I tried to do my own research on it but I'm not very much cleared about it. Please explain it to me in simple language. this term is being used by Post-structuralism and postmodernists.
2 Answers
To understand anti-humanism we should first understand 'modernism' and the philosophical rejection of it that is commonly (if inaptly) called post-modernism.
'Modernism' — in this philosophical sense — is a tendency to conflate 'The Modern' with 'The Good'. The term started in architecture, of all places, because there was a movement in the early-to-mid 20th century to create 'modern' urban landscapes: efficient grid-style street layouts; concrete, glass, and steel office blocks; zoning meant to keep commercial, industrial, and residential functions in separate areas. Cities across the globe have been made or remade in this pattern — Los Angeles, Atlanta, central London, Dubai City, Seoul, Nairobi, etc... - so that it's almost ubiquitous. It's an efficient and effective design. But it's also — according to critics — suffocating, characterless, soulless, and dehumanizing. There's no room in an efficient modern city for culture, quaintness, self-expression, individuality, idiosyncrasy, or other distinctive traits. One can go from nation to nation and see the same malls, the same gated communities, and the same towering slab-like buildings.
This image spread to philosophy more generally as a metaphor, with people worrying about how modern, Western, technology-driven culture was imposing itself as 'The Good' on both the world at large and the individuals within it, with a wild and unreflective abandon. And so philosophy began to critique 'The Modern' to show that it wasn't the same as 'The Good', and that in fact 'The Modern' carried with it unpleasant and unsavory cultural norms: racism, sexism, exploitation, brutal legalism, and the like. They started looking for something that went beyond the limitations of 'The Modern': something that recaptured the spirit and vitality of human life in the face of the bland, imposing, monolithic reductionism of modernity.
Part of this bland, imposing, monolithic reductionism was the re-conception and reification of humanity. This is humanism, in the sense used here: a set of assertions about the essential nature and rights of human beings; a cookie-cutter model in which 'The Human' is equated with 'The Good'. It's done with the best intentions, of course, but it's still (from this philosophical perspective), stifling, oppressive, ill-considered, and otherwise problematic. So anti-humanism (similar to romanticism in an earlier age) starts digging into and critiquing this model to expose all of its unpleasant and unsavory aspects, all in the hope of revitalizing the human spirit.

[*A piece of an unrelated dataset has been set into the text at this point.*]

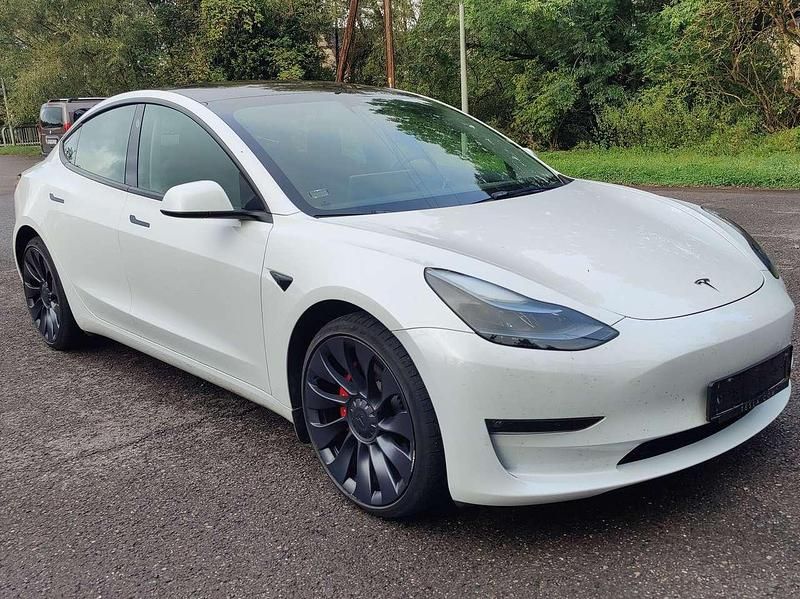 Weiß Gebraucht 2023 Tesla Model 3 Performance Limousine | 42.600 € (Teuer) - Bild 1/4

Ayn Rand's 'The Fountainhead' is an ironically interesting read, here. On one hand we see the main character (Howard Roark) working against exactly the kind of architectural modernism discussed above, trying to break through as an individual against the corrupt and stagnant opposition of normalcy. On the other hand, Roark is written to be the ideal of humanism, intrinsically superior to all other human types, and thus naturally indomitable. From a philosophical perspective Rand appears to attack modernism, but in reality she merely reaffirms it.
Definition of anti-humanist : someone who opposes or rejects the beliefs, principles, or assumptions of humanism. - Merriam-Webster
On opposition to humanism.
Heidegger, Letter on "Humanism", Pathmarks, page 265
opposition to "humanism" in no way implies a defense of the inhuman but rather opens other vistas.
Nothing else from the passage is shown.